Sus colores en ese momento eran vivos, llamativos, “polifónicos”, brillantes y dulcemente contrastados —complementarios opuestos acompañados de sus tonos vecinos atenuados—. A comienzos del siglo diecinueve, Goethe afirmaba que los colores vivos eran los predilectos de “los pueblos salvajes, la gente sin formación y los niños”. Seguramente para controvertir esa perspectiva clasista y clasicista, Beatriz González prefería esos colores a la hora de traducir la imagen de prensa y el “Arte” (con mayúscula) al lenguaje y los métodos del gusto popular local.
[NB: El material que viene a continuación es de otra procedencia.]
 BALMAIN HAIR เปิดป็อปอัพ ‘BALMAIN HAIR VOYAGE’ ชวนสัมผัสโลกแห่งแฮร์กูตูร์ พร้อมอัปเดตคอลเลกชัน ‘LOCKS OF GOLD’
En 1985, cuando el presidente de turno se reunió con sus generales y ministros para definir la estrategia de retoma del Palacio de Justicia, ocupado por el grupo guerrillero M-19, le dijeron: “Señor presidente, qué honor estar con usted en este momento histórico”. Ese entusiasmo militar por recuperar el “orden” al desplegar todo su poder bélico, dejó más de un centenar de muertos, entre ellos, once magistrados y varias personas desaparecidas. (Posteriormente, los cuerpos fueron encontrados e identificados, y los militares, condenados). Si hasta entonces, Beatriz González hacía una crítica jocosa a las distinciones de clases o a las extravagancias presidenciales, a partir de ese momento, su atención se dirigió hacia la tragedia de las víctimas, hacia el montón de muertos, de desaparecidos y de madres en duelo que mostraban que ya era imposible negar, en medio del conflicto bélico, nuestra fragilidad y vulnerabilidad como seres humanos y como naturaleza.
Beatriz González realizó varias obras sobre ese trágico “momento histórico”. La primera fue un trabajo en carboncillo y pastel sobre papel, en el que ubicó en el primer plano de la escena, los restos de un cuerpo calcinado. En las otras pinturas, más coloridas, ubicó un arreglo de anturios. A partir de ese cuerpo calcinado, su obra cambió: el dibujo se hizo cada vez más presente y expresivo, regresaron los óleos y los lienzos, y su paleta de colores se simplificó, mientras exploraba relaciones de color que pudieran hablar del dolor de las víctimas, del suyo, del nuestro, pues, como dice Judith Butler, “aunque mi vida no sea aniquilada en la guerra, algo de ella queda destruido en el momento en que desaparecen otras vidas y otros procesos vitales”.